Fruto de ello fue “Ensayo preliminar sobre la arqueología de Milagro” en 113 pags. e ilustraciones, conectando con Mesoamérica a la Cultura Chorrera – El Tejar de Huerta o Milagro – Quevedo como la rebautizó por su localización geográfica Estrada, clarificando las relaciones de las áreas de alta cultura en aquella temprana época. Huerta había sido el descubridor, pero Estrada la estudió en mayor profundidad. Por este primer trabajo la Municipalidad de Milagro le designó Ciudadano Honorario y desde entonces dejó de ser el arqueólogo amateur para convertirse en científico autodidacta. Por ese tiempo había podido contratar a Julio Viteri Gamboa, trabajador incansable que vigilaba las excavaciones, controlando al personal para que no se desviara de las normas aconsejadas por la técnica.

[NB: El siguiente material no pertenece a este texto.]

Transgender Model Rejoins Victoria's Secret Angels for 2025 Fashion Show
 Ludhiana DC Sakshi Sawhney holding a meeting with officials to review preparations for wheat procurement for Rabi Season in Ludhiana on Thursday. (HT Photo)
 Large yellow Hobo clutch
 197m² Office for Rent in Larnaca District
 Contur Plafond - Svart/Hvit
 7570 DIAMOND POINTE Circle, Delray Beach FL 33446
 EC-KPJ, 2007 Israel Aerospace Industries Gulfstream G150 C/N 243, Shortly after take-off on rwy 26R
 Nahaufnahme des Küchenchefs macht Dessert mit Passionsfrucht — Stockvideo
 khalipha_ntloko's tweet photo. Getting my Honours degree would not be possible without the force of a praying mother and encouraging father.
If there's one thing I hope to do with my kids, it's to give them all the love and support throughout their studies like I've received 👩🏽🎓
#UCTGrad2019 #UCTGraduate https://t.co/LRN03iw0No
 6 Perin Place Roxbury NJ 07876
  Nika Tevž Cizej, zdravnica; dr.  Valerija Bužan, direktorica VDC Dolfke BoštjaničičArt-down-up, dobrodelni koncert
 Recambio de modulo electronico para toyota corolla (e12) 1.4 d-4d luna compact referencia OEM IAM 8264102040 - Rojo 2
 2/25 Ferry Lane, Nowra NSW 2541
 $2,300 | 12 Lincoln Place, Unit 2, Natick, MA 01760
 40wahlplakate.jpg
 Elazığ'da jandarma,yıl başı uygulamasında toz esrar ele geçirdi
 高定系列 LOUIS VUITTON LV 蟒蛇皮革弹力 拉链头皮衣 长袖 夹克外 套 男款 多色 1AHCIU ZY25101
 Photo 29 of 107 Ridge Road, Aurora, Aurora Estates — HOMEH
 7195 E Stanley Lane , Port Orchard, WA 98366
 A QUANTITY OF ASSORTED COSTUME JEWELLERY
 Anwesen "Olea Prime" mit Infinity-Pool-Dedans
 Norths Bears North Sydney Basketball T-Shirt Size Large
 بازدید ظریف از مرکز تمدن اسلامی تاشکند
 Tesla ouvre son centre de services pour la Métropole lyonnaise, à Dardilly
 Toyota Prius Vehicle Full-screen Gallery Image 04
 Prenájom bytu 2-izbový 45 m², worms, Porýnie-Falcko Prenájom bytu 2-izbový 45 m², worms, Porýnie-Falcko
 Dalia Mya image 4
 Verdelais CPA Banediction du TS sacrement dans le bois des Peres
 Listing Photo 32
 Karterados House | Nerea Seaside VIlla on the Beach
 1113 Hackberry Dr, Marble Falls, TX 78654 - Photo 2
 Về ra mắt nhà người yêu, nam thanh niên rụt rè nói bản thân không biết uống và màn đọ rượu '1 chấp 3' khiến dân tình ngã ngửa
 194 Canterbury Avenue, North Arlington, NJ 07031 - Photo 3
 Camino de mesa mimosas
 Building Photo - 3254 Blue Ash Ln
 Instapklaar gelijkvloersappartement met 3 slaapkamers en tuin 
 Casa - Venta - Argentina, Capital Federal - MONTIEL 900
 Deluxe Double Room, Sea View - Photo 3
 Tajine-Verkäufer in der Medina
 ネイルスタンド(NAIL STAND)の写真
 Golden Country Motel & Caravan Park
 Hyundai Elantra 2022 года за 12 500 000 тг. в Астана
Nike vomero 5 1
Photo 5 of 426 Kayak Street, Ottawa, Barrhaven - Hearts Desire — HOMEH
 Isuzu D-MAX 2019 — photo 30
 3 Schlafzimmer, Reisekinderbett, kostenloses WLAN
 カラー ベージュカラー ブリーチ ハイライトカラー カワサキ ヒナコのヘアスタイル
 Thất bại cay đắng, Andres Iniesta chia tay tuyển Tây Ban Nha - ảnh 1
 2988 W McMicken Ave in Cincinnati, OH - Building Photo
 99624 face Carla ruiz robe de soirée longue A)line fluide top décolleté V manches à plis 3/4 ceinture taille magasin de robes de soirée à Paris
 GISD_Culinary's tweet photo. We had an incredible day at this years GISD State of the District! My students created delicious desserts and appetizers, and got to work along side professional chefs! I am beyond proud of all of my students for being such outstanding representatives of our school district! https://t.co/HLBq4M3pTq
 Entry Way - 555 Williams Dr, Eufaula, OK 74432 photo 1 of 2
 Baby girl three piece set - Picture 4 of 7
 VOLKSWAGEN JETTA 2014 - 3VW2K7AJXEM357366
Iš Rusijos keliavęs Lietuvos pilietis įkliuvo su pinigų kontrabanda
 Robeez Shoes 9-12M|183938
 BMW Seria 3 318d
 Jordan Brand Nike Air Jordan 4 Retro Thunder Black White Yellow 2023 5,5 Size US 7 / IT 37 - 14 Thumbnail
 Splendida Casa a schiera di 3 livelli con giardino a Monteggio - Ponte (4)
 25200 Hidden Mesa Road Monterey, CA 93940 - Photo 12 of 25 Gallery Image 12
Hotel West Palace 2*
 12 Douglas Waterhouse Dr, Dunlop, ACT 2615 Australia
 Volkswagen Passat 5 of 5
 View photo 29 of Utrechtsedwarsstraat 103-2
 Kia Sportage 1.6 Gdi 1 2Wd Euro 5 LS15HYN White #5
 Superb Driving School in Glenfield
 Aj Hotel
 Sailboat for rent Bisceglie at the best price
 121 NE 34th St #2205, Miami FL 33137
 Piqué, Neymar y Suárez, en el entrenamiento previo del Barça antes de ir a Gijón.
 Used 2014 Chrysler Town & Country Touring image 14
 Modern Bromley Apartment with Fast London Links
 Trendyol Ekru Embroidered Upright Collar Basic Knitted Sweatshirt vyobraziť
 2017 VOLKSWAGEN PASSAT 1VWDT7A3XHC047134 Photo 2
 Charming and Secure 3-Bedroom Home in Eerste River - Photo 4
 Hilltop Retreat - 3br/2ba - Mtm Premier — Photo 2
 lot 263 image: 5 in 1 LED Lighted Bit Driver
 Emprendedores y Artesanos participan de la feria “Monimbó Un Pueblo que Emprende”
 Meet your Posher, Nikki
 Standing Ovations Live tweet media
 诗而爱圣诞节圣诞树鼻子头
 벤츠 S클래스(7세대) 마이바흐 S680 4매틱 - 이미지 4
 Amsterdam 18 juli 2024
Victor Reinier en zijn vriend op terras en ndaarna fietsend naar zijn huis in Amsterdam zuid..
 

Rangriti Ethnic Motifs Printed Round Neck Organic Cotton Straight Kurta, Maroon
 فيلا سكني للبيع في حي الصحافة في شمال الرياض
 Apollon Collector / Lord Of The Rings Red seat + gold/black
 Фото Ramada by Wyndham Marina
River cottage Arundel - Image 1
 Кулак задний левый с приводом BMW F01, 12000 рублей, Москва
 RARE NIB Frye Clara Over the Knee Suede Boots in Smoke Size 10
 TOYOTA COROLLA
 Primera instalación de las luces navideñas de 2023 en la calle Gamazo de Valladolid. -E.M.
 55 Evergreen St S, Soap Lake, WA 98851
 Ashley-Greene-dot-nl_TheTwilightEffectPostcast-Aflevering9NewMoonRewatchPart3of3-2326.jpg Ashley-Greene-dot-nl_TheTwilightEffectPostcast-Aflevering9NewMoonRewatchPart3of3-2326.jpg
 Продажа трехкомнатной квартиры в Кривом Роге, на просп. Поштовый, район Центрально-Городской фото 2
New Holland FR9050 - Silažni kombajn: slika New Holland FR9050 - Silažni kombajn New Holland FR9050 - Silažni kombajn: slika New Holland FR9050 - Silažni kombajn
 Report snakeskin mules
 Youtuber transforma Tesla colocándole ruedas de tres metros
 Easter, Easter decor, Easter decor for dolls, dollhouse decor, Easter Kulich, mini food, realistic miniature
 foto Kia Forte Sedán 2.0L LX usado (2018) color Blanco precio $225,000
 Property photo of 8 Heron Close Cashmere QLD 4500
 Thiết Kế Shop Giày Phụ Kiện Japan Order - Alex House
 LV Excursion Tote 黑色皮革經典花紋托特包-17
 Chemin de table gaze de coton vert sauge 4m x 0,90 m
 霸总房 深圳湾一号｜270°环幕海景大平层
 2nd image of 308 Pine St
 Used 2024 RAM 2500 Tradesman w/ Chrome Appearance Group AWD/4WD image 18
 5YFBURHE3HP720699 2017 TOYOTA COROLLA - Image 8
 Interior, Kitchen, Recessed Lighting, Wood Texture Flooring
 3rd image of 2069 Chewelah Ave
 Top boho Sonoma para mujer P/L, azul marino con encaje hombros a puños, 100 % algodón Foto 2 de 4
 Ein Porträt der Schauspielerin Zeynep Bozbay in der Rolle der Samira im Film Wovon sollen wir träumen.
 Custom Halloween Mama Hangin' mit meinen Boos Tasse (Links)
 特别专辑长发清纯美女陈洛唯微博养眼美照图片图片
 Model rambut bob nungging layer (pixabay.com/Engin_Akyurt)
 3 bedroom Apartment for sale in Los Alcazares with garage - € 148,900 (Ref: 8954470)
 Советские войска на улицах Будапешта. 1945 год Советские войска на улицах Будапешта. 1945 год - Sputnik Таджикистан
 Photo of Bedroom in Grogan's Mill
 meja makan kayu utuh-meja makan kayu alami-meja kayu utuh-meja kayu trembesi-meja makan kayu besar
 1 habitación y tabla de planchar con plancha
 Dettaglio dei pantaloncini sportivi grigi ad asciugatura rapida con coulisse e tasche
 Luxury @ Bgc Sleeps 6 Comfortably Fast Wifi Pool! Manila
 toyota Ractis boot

Desde entonces hasta su temprana muerte a causa de un fulminante infarto en 1.961 produjo sin descanso, con una pasión desinteresada por los trabajos arqueológicos, el afán de servicio al país, su visión de superar la simple arqueografía (estudio de los objetos excavados) para dar desarrolló un acercamiento metodológico propio que le permitió alcanzar una visión científica general a base de la estratigrafía y el análisis cerámico, una capacidad de síntesis y una perspectiva antropológica frente al estudio del simple registro arqueológico, de manera que más que los objetos se interesaba por su significado. Solo así se puede explicar su curiosidad por temas paralelos como la balsa, los tipos cerámicos, las voces lingüísticas y toponímicas, los posibles contactos transoceánicos.
Capítulo aparte merece su museo privado, que más que una simple exhibición de tiestos fue una editorial de múltiples publicaciones y laboratorio de trabajo y restauración. Al finalizar sus días dejó como legado mayor a sus compatriotas, la ide que Ecuador existió como nación desde 2.500 años antes de la Era Común, cuando ya estuvo formada una unidad étnica independiente, o sea una nación con características propias y de las cuales tenemos derecho a sentirnos orgullosos.